La censure, boussole droitière
Quelques jours avant la votation sur l’accord de libre-échange avec l’Indonésie, en mars dernier, Christian Lüscher, fervent défenseur libéral-radical de cet accord, a obtenu la censure d’un article de Gotham City mentionnant les intérêts de son client Hashim Djojohadikusumo dans l’huile de palme. L’avocat défend ce magnat indonésien pesant 650 millions de dollars, qui avait fait l’objet d’une enquête pénale fiscale sur des soupçons de soustraction de montants importants d’impôts et dont le fisc genevois réclamait plus de 100 millions de francs d’arriérés. C’est grâce aux mesures provisionnelles que la justice a pu censurer cet article. Gotham City, spécialisé dans les affaires de corruption, a alerté médias et politiques sur la réforme en cours, passée inaperçue, visant à faciliter la censure urgente d’un article ou d’une émission, via les mesures provisionnelles, si elle estime qu’une entreprise ou une personne serait atteinte de façon particulièrement grave. En biffant l’adverbe «particulièrement», le recours à cet outil déjà controversé et problématique, puisqu’il sert surtout les intérêts des puissants, serait facilité. Pire, en ajoutant à la condition «l’atteinte est imminente» celle qu’elle «est en cours», le parlement s’apprête à permettre le retrait d’articles déjà parus, sans même entendre les arguments des médias.
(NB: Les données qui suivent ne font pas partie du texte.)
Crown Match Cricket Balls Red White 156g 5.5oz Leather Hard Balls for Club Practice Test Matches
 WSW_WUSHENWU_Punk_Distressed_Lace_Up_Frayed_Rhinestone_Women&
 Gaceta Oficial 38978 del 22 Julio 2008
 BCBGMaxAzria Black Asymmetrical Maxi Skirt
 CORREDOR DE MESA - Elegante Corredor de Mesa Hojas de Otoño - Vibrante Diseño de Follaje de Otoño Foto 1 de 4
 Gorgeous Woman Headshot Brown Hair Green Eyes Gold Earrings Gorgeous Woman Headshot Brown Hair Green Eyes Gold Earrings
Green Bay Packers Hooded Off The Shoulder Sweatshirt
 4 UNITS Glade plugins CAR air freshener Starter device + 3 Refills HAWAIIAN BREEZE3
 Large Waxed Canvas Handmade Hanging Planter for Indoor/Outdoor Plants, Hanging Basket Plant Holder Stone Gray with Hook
Pour les sénateurs de droite qui appuient cette réforme, il s’agirait de protéger des individus lambdas contre des médias surpuissants et putassiers, dotés de services juridiques très fournis. La réalité est tout autre, comme le montrent les nombreux déboires judiciaires de Gotham City, petit média porté par une poignée de confrères et consoeurs méritant·es: cette prétendue retouche s’inscrit dans la multiplication des procédures juridiques dites bâillons qui épuisent psychologiquement et financièrement les rédactions. Et cela fonctionne: sur le terrain, lesdits services juridiques des groupes de médias pourtant puissants ont tendance à censurer les journalistes qui souhaiteraient nommer les notables empêtrés dans des affaires. Pourvu que le National suive l’intérêt commun et pas celui des oligarques et autres Christian Lüscher.